Further, the actuator unit 21 can improve the sound vibration performance by shortening its entire length in the cylinder row direction.

Further, in the actuator unit 21, the number of parts of the press-fitted parts is reduced as compared with the case where another part whose purpose is only to regulate the axial position of the second control shaft 24 is press-fitted into the second control shaft 24. Productivity can be improved.

In addition, in the first embodiment, it is possible to easily set a large contact area between the end surface 64 on the other end side of the first housing and the first end surface 43 of the second arm portion. Therefore, in the first embodiment, it is possible to reduce the surface pressure when the second arm portion first end surface 43 is pressed against the other end side end surface 64 of the first housing.

Another embodiment of the present invention will be described below. The same components as those in the above-described embodiment are designated by the same reference numerals, and duplicated description will be omitted.
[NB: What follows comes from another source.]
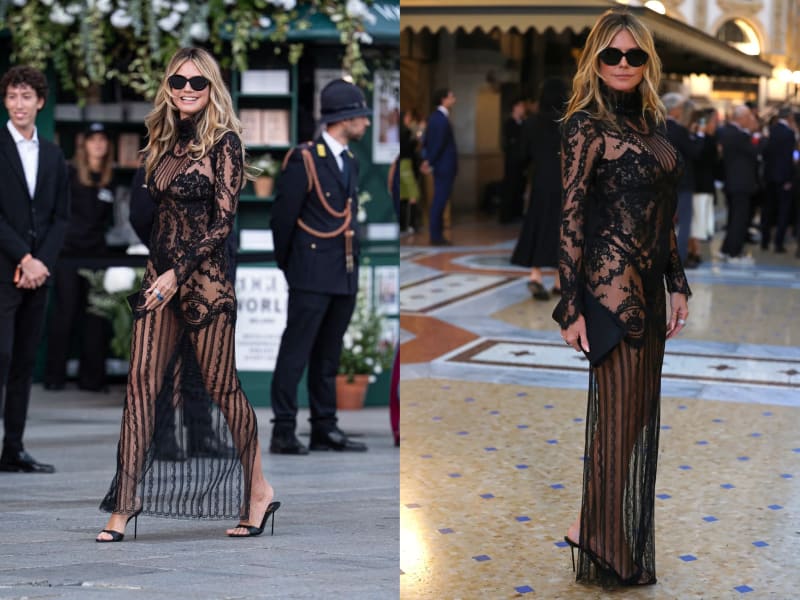 Two photos: woman in sheer black lace gown smiling outdoors; same woman posing inside ornate gallery interior.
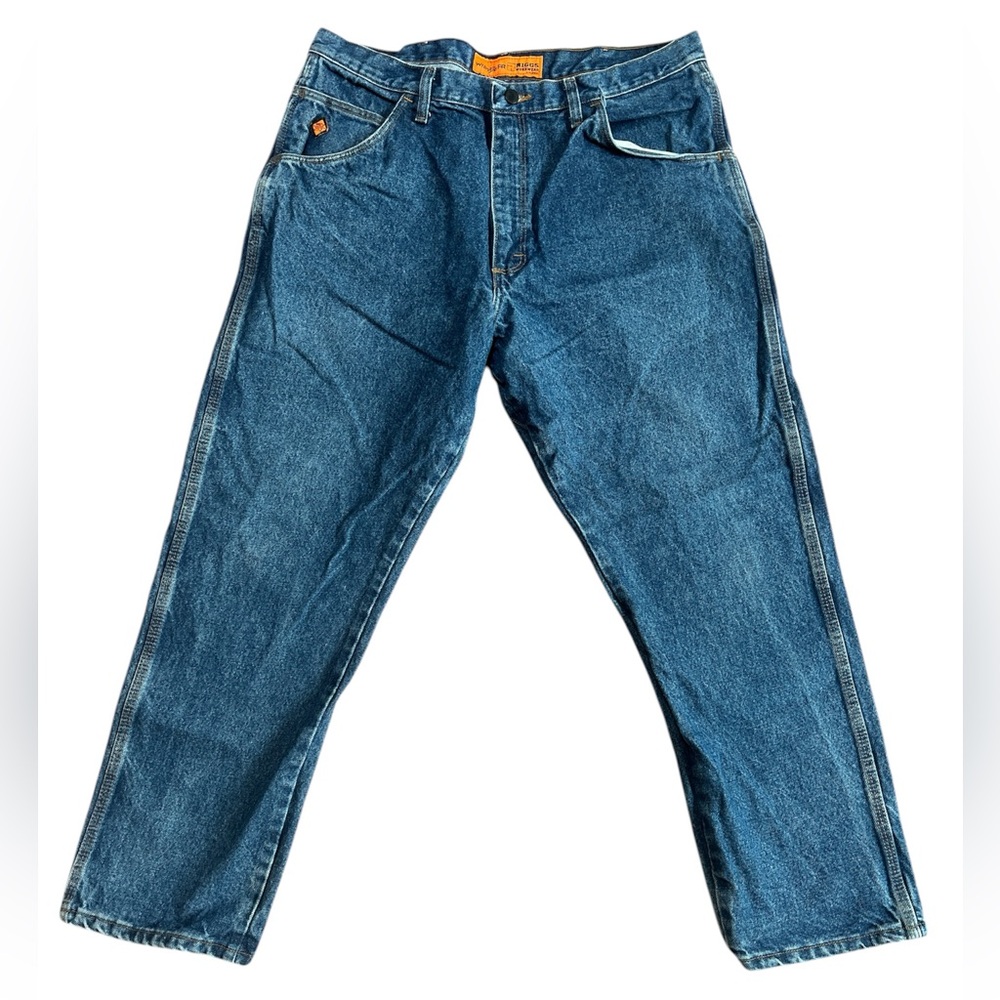 WRANGLER FIRE RESISTANT RIGGS WORKWEAR MEN’S JEANS. BLUE. SIZE 38x30. PRE-OWNED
An internal combustion engine according to the second embodiment of the present invention will be described with reference to FIG. FIG. 4 is an enlarged sectional view showing a main part of the actuator unit 21 according to the second embodiment of the present invention.

The internal combustion engine of the second embodiment has substantially the same configuration as the internal combustion engine of the first embodiment described above, but the second arm portion first end surface 43 has one end side of the second arm portion 26 in the cylinder row direction ( It is formed on substantially the entire side surface 41 in the direction of arrow A in FIG.

More specifically, the second arm portion 26 in the second embodiment includes all of the side surfaces 41 on the one end side in the cylinder row direction (direction of arrow A in FIG. 4) other than the portion in contact with the second control shaft second end surface 40. Serves as the second arm portion first end surface 43 and is in contact with the other end side end surface 64 of the first housing.

In the second embodiment, the second control shaft second end surface 40 is separated from the second control shaft second end surface 40, and the second arm portion first end surface 43 and the second control shaft first end surface 43 are separated from each other. The partition wall 62 is sandwiched between the first end surface 39 and the first end surface 39, whereby the second arm portion 26 is positioned with respect to the second control shaft 24.

Also in such an internal combustion engine of the second embodiment, since the second control shaft 24 and the second arm portion 26 have the function of restricting the position of the second control shaft 24 in the axial direction, the first embodiment described above is performed. It is possible to obtain substantially the same operational effects as the internal combustion engine of the example.

In addition, in the second embodiment, the function of restricting the position of the second control shaft 24 in the axial direction is provided by substantially the entire side surface 41 of the second arm portion 26 on the one end side (the arrow A direction in FIG. 4) in the cylinder row direction. Therefore, it is possible to easily set the contact area between the other end side end surface 64 of the first housing and the first end surface 43 of the second arm portion larger than that in the above-described first embodiment. Therefore, in the second embodiment, the surface pressure when the second arm portion first end surface 43 is pressed against the other end side end surface 64 of the first housing can be reduced as compared with the above-described first embodiment. ..

An internal combustion engine according to the third embodiment of the present invention will be described with reference to FIG. FIG. 5 is an enlarged sectional view showing a main part of the actuator unit 21 in the third embodiment of the present invention.

The internal combustion engine of the third embodiment has substantially the same configuration as the internal combustion engine of the first embodiment described above, but has a function of restricting the axial position of the second control shaft 24, not the second arm portion 26. The link member 30 has.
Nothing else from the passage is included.